This solution is a tricky one. I don't have access to pay-to-view weather model graphics (yet), so I cannot see the precipitation pattern from this system. However, from what others are discussing, it appears that not only will the nearly-due-northward movement of this system foul up the precipitation shield, but temperature profiles are above freezing in many spots that would otherwise see snow. This could be placed on model error, or it may be a legitimate forecast. For now, it's just too far out to tell one way or another.

Weather Online
What is interesting, however, is the difference between the ECMWF model and the ECMWF ensembles. The above image shows mean sea level pressure values, valid on Christmas Eve (the same time as the second image we discussed). By simple comparison, note how the ECMWF model places the center of this storm somewhere in southern Ohio, while the ECMWF ensembles put northeastern Indiana in the center of this cyclone.

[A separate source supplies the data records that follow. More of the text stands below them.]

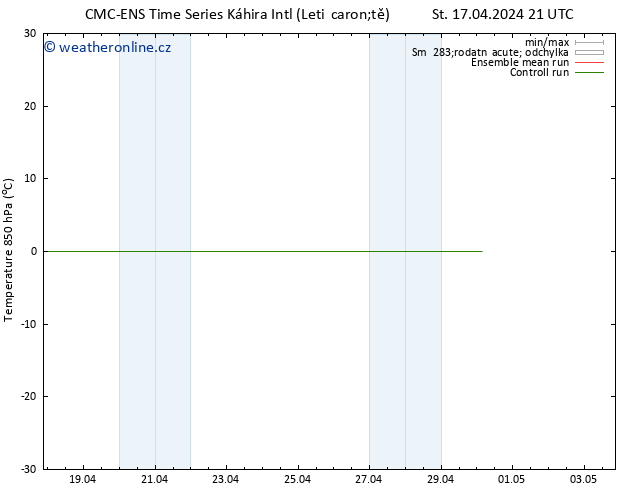 Temp. 850 hPa CMC TS Ne 21.04.2024 09 UTC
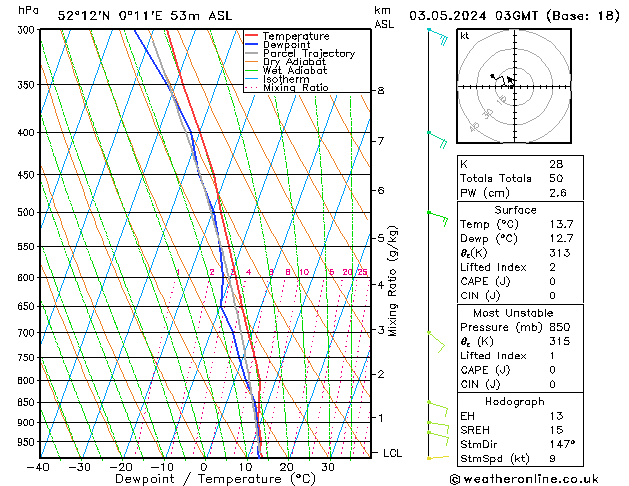 Model temps GFS Fr 03.05.2024 03 UTC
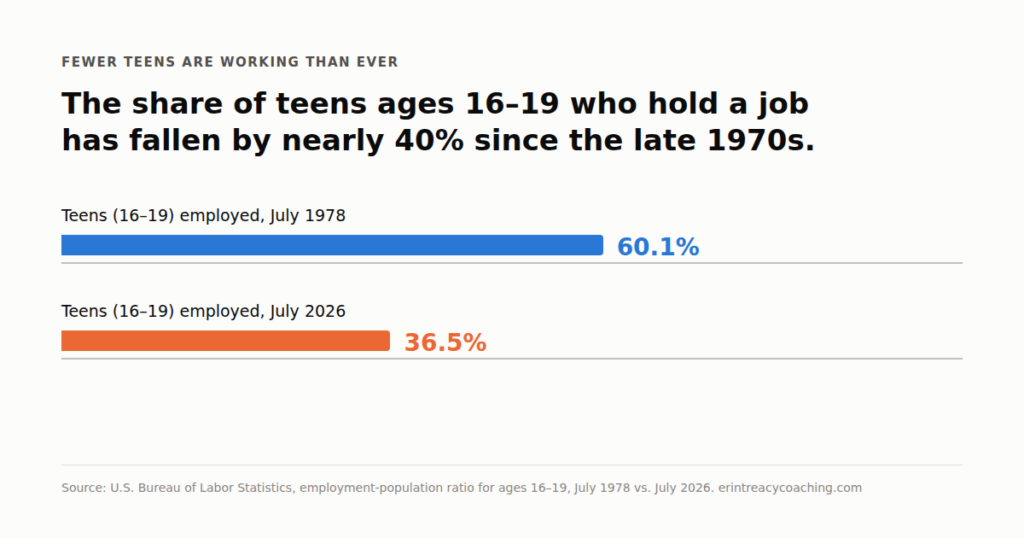 Gen Z Work Readiness: What Nobody Told Them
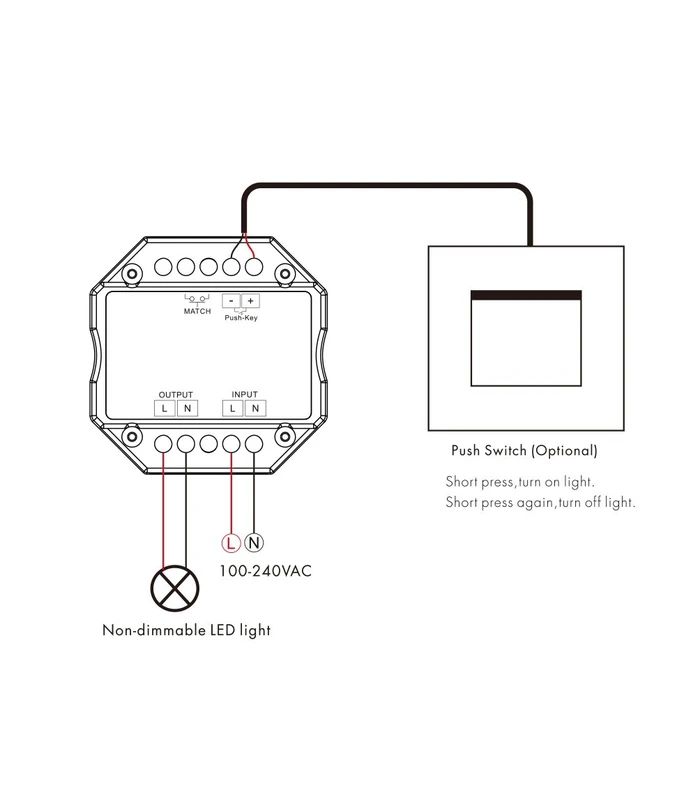 LEDlife rWave indbygningsrelæ - RF, 360W LED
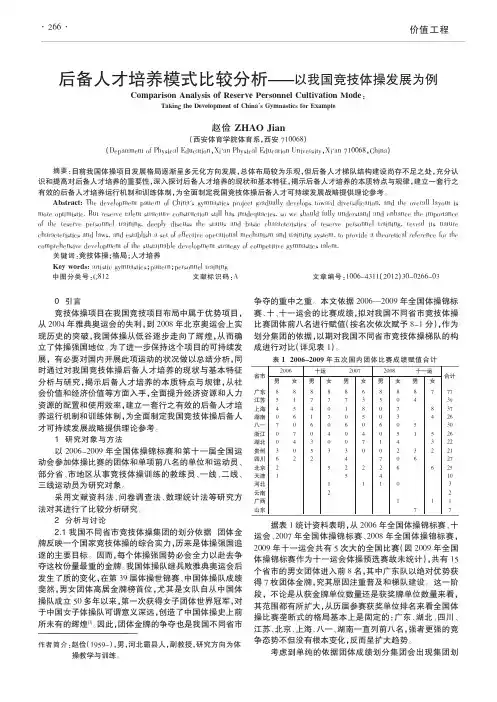 后备人才培养模式比较——以我国竞技体操发展为例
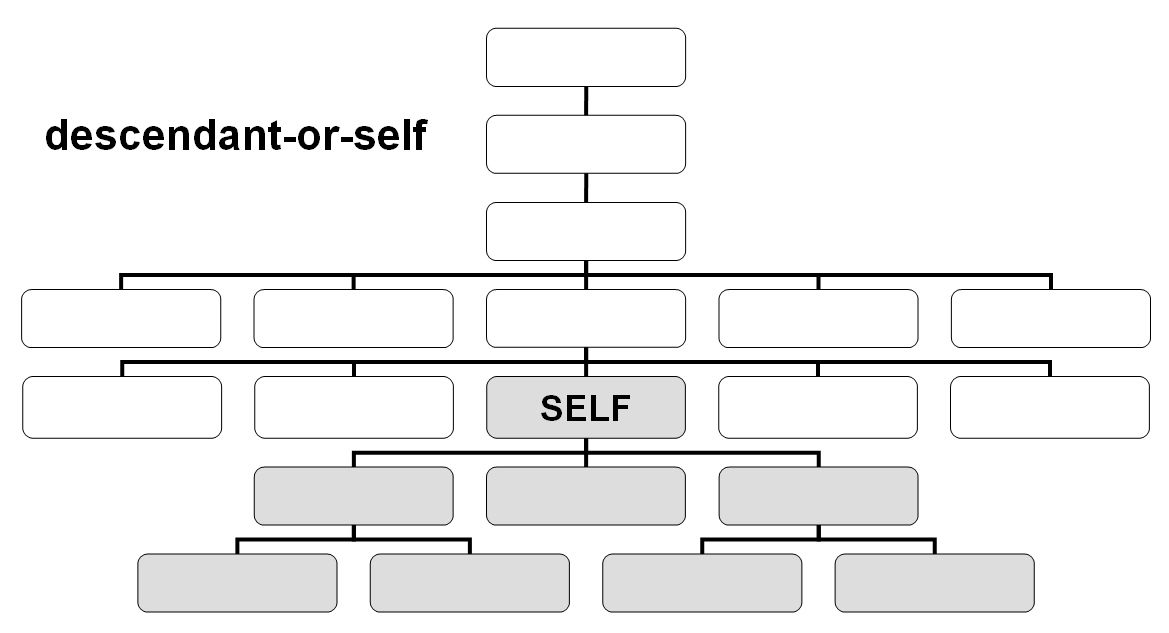 Fuente: https://www.data2type.de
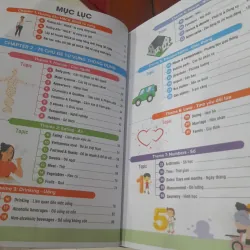 MIND MAP HACK 3000 từ tiếng Anh 796316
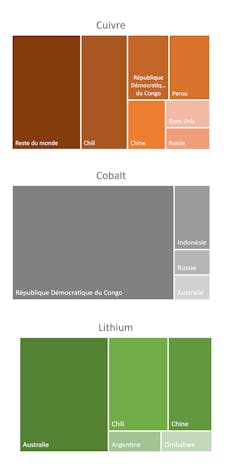 Are we able to reconcile the mining restoration in France and maintaining organic variety? 2 file 20250514 56 vboxa3.jpg?ixlib=rb 4.1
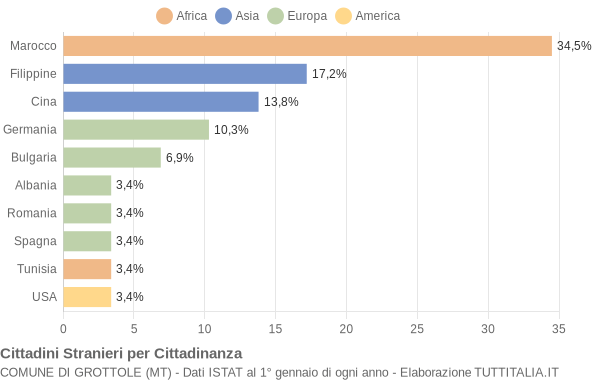 Grafico cittadinanza stranieri - Grottole 2008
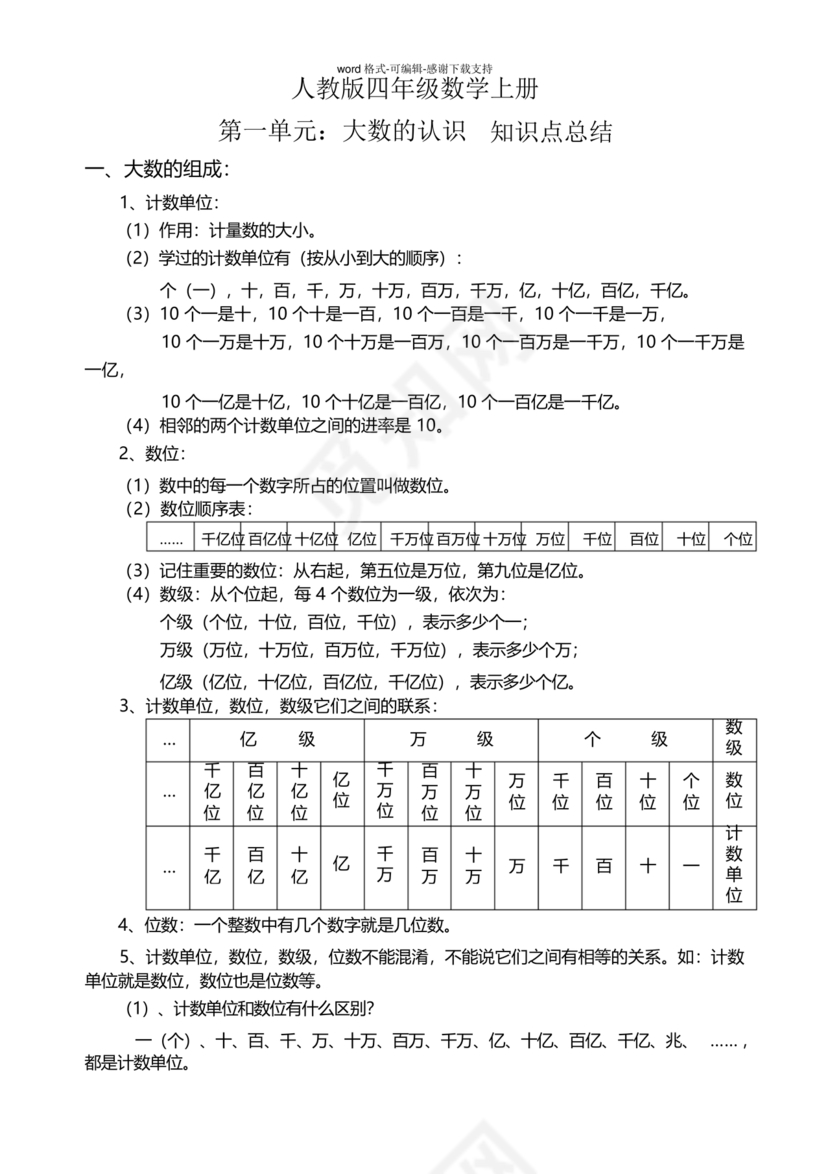小学四年级数学第一单元知识点总结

A further east track of this storm system could result in more of a snow impact to the Great Lakes, instead of primarily wind-driven snow in the Midwest and Ohio Valley from current runs of the ECMWF. But as I said earlier, we are still quite a while away from nailing down these details.

To summarize:

- Model guidance is beginning to sniff out a very strong storm system impacting most of the Central and East US on Christmas Eve into Christmas Day.
- This would severely impact travel.
- Snow would be confined primarily to the north-central Great Lakes into Canada.
- Very high uncertainty still exists.